Maybe it was the concert clothes, because I’ve noticed people in uniforms automatically look like they know what they’re doing.

“We should check on him,” Giselle said.

“What hostel?” Mrs. Jorgenson asked.

“It’s called the Young and Happy Youth Hostel,” Vivi said. “It’s the one that’s three Métro stops away. We really must be going now.” She turned and strode out of the room with Giselle and me right on her heels. We thundered down two flights of stairs and into the street.

took off across the courtyard in front of the Sorbonne and onto the Boulevard Saint Michel. We ran, not caring that people were staring, or even that we were crashing into some of them with our violin cases. Giselle’s cello bumped along on wheels behind her. Medium-sized men in a shirt and tie were as common as litter, but men with crutches were nowhere to be found. In the window of an art supply shop, we saw a man who could be Arvo. We followed him down the street that led to the Panthéon, but he turned out to be a much older man.
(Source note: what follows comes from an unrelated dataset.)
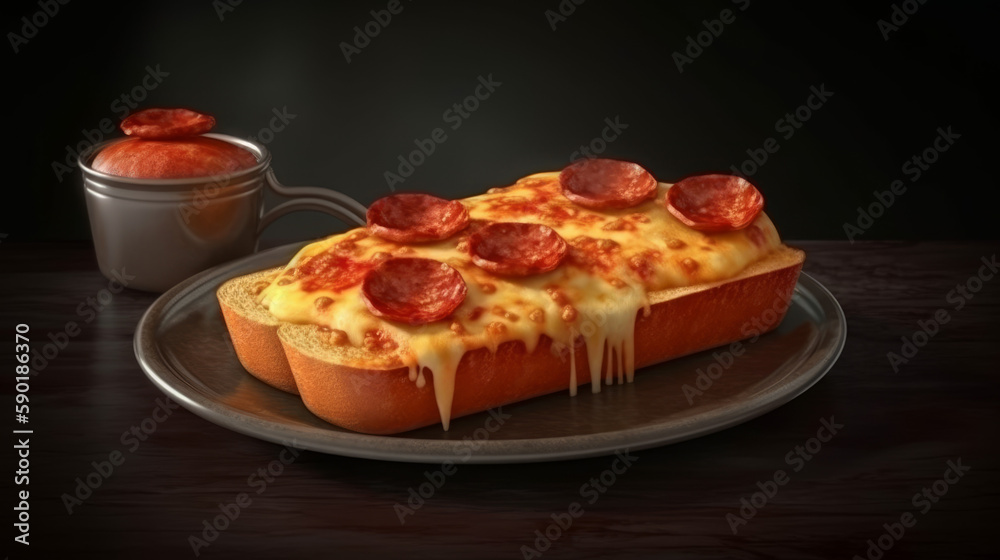 Garlic bread with pepperoni sausage and cheese, generative ai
It was crazy to think we could find him, but what could we do? He had all our money. We kept heading toward the nearest train station. He couldn’t travel on a child’s ticket, and no way would he want to go back to Berlin, but he could cash our tickets in for a ticket to Poland and be halfway home by midnight. But the farther we ran, the more I second-guessed myself. What if he caught a cab? Could he really walk all this way? And what was I thinking to travel with a
stranger? He was a thief. What if everything he’d ever said to me was a lie? We finally made it to the Gare Montparnasse, but Arvo was nowhere to be found.

We were walking now, barely. We trudged through the Luxembourg Gardens and back onto the street. Across from the Odéon theater a beggar sitting on the pavement called out to us for money. He was young and handsome in a pirate way.
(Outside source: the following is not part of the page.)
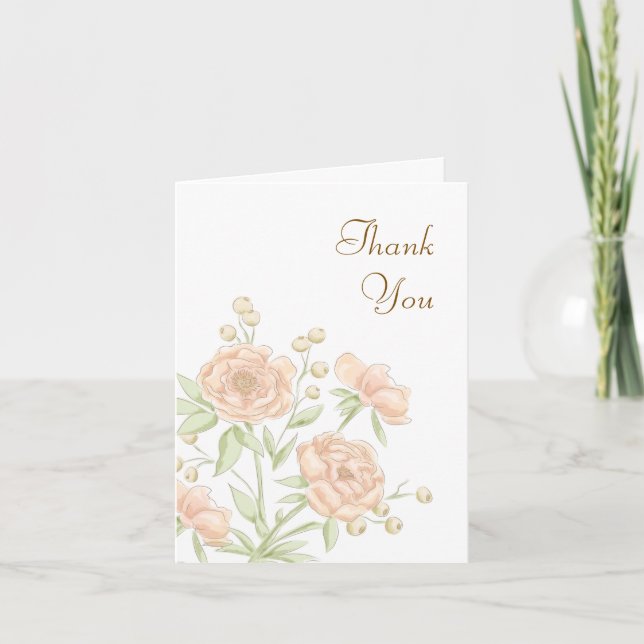 Invitación Peach Rose Wedding Thank You Cards (Anverso)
“Francs. Marks. Pounds,” he said.

If I’d had a dime, I’d have given it to him. But I didn’t. I shrugged and said, “Sorry.”

“No!” he insisted. “Dollars! Pounds!” He grabbed Vivian’s violin case and dragged her closer.
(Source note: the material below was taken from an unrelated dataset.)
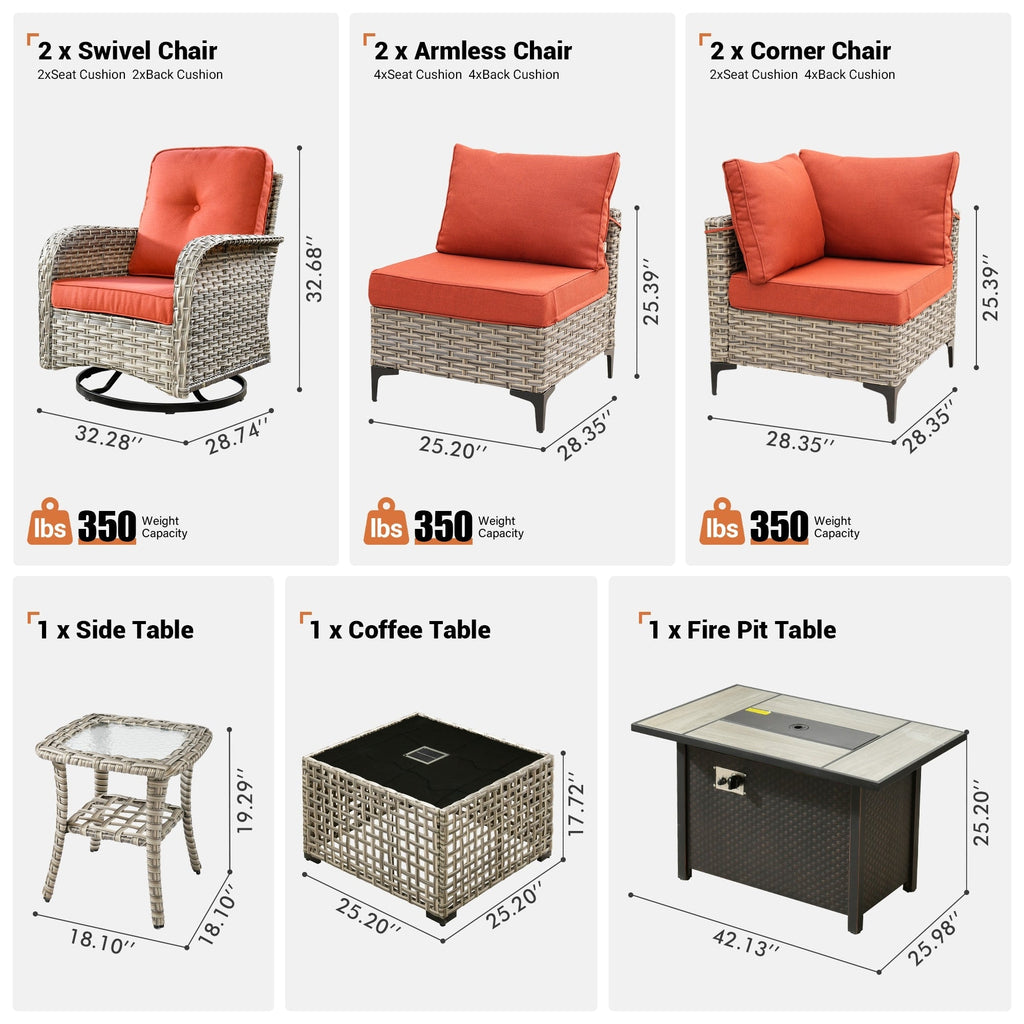 Ensemble de 9 chaises pivotantes d'extérieur en résine tressée OVIOS avec table de feu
Vivian gasped as if he’d slapped her. I couldn’t believe it; he’d touched her violin. People crowded right past as if this sort of thing was allowed.

“Let go! Let go! Let go!” Vivi’s voice went higher with each shout until it was nothing but a mouse-sized squeak.

“Dollars!” the beggar insisted.

Even if her backpack had been full of bricks, Vivi wouldn’t weigh eighty pounds. She slid toward the man. Her ballet flats had no traction on the pavement.

“Stop it!” I yelled.

I threw my arms around Vivi’s waist and tugged her backward. Giselle squared her shoulders, tightened her grip on her cello, and got ready to kick the beggar’s hand.

“Giselle, don’t do it!”

I could picture her breaking his bones. I could picture us getting arrested for assault. I guess the beggar could picture the same thing, because he let go of Vivian’s violin and spat out a long stream of French swears. We tumbled backward into the street. A teeny black car squealed right by our heels, horn blaring. The driver leaned out her window and yelled more curses at us. We stumbled across the street. Safe on the opposite street corner, Giselle and I sandwich-hugged Vivi until she stopped shaking. I didn’t know what to say. It’s not like we never heard swearing on an army base, but no one swore at wives and children—never.